My simplistic view of things seems to think there are basically three string lengths ...
1/ Number of bytes for buffer
2/ Number of code points ( characters + control and embellishment ? )
3/ Number of glyphs ( option to display or hide control codes as in ASCII )
Interestingly ICU is still limited to 32bit integers or rather 2Gbyte string lengths!
But this has now been confused by the introduction of NFD/NFC/NFKC/NFKD? Which will vary all of the above in some cases? Being somewhat linguistically challenged, while I understand the concepts such as accents, Would standardising on say NFD help with actions like lower/upper conversion, or does accenting a character sometimes change it's alphabetical order so collations need the 'NFC' form to sort by?

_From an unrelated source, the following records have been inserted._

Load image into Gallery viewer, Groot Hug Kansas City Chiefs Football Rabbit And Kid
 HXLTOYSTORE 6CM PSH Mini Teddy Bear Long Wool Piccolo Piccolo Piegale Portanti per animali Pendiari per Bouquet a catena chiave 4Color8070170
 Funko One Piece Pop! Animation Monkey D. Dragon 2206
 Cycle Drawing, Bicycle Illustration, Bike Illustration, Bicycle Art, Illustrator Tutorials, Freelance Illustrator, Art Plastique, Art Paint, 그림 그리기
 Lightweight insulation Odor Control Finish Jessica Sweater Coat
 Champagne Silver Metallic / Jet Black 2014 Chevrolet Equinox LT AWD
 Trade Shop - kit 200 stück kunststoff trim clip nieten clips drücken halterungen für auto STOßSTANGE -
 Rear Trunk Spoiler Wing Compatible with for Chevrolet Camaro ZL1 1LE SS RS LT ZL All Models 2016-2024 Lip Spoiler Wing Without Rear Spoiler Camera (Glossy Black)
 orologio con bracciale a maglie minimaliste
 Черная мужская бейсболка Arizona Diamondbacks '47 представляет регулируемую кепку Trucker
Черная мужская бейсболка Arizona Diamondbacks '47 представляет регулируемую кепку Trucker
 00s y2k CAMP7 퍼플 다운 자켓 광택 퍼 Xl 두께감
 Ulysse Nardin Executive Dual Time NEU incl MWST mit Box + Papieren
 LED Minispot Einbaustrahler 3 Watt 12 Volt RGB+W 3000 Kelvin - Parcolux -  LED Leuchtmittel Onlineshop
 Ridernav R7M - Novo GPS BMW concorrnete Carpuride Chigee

I think that what is clear is that while there may be a single 'UTF-8' writing standard, sorting collations are even more diverse than the previous codesets? Firebird has always managed COLLATION as a separate filter to CHARACTER SET, and allows individual fields to have their own COLLATION so we can index on different languages within the one table. I'm thinking that this may be required when adding sorting in a UTF-8 based setup? Rather than specifying 'encoding' one simply specifies 'collation' where it varies from the basic rules?